Problem requirements: At the line containing "Spot van de Dag: Bugatti Chiron in Den Haag", begin repeating lines exactly, and stop only after the final line of the records below.

Source data:
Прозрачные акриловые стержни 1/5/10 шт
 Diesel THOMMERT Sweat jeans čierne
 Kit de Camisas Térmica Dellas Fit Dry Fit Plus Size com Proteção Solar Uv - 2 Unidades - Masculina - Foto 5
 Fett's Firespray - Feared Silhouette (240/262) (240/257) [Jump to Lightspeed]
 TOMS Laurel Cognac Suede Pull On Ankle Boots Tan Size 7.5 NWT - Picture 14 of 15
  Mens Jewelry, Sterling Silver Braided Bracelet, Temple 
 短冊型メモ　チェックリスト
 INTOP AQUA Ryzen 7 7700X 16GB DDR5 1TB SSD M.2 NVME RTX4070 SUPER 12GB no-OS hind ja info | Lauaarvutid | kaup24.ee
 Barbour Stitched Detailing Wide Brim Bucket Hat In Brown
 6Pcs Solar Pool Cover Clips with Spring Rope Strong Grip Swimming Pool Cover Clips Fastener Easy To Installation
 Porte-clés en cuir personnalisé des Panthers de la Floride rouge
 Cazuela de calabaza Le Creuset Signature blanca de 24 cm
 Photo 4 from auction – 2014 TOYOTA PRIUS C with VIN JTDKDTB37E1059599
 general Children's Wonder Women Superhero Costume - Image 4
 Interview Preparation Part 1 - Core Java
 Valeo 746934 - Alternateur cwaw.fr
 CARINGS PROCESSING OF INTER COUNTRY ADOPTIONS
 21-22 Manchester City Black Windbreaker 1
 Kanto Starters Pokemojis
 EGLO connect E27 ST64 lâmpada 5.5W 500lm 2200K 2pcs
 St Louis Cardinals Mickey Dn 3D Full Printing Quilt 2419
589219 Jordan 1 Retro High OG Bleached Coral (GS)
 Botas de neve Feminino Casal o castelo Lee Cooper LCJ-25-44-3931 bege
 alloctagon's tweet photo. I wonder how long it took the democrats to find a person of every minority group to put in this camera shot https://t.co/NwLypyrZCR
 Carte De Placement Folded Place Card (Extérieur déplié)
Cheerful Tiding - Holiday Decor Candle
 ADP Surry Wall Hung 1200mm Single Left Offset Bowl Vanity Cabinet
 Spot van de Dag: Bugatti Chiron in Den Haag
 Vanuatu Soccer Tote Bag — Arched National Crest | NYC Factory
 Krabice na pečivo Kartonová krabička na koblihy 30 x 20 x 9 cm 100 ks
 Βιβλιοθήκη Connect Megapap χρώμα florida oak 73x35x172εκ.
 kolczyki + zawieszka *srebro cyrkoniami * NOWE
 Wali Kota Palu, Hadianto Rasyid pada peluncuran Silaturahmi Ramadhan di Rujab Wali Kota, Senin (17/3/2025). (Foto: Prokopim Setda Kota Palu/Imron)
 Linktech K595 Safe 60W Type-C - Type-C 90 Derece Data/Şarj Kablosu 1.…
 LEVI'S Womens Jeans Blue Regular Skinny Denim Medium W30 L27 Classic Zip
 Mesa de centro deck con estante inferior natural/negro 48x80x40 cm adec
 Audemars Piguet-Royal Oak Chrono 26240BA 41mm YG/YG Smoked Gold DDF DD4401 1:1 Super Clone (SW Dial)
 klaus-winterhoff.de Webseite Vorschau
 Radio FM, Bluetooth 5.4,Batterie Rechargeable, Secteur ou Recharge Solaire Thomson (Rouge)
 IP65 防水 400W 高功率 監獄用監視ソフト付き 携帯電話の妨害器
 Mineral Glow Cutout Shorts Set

Answer to the problem:
 Spot van de Dag: Bugatti Chiron in Den Haag
 Vanuatu Soccer Tote Bag — Arched National Crest | NYC Factory
 Krabice na pečivo Kartonová krabička na koblihy 30 x 20 x 9 cm 100 ks
 Βιβλιοθήκη Connect Megapap χρώμα florida oak 73x35x172εκ.
 kolczyki + zawieszka *srebro cyrkoniami * NOWE
 Wali Kota Palu, Hadianto Rasyid pada peluncuran Silaturahmi Ramadhan di Rujab Wali Kota, Senin (17/3/2025). (Foto: Prokopim Setda Kota Palu/Imron)
 Linktech K595 Safe 60W Type-C - Type-C 90 Derece Data/Şarj Kablosu 1.…
 LEVI'S Womens Jeans Blue Regular Skinny Denim Medium W30 L27 Classic Zip
 Mesa de centro deck con estante inferior natural/negro 48x80x40 cm adec
 Audemars Piguet-Royal Oak Chrono 26240BA 41mm YG/YG Smoked Gold DDF DD4401 1:1 Super Clone (SW Dial)
 klaus-winterhoff.de Webseite Vorschau
 Radio FM, Bluetooth 5.4,Batterie Rechargeable, Secteur ou Recharge Solaire Thomson (Rouge)
 IP65 防水 400W 高功率 監獄用監視ソフト付き 携帯電話の妨害器
 Mineral Glow Cutout Shorts Set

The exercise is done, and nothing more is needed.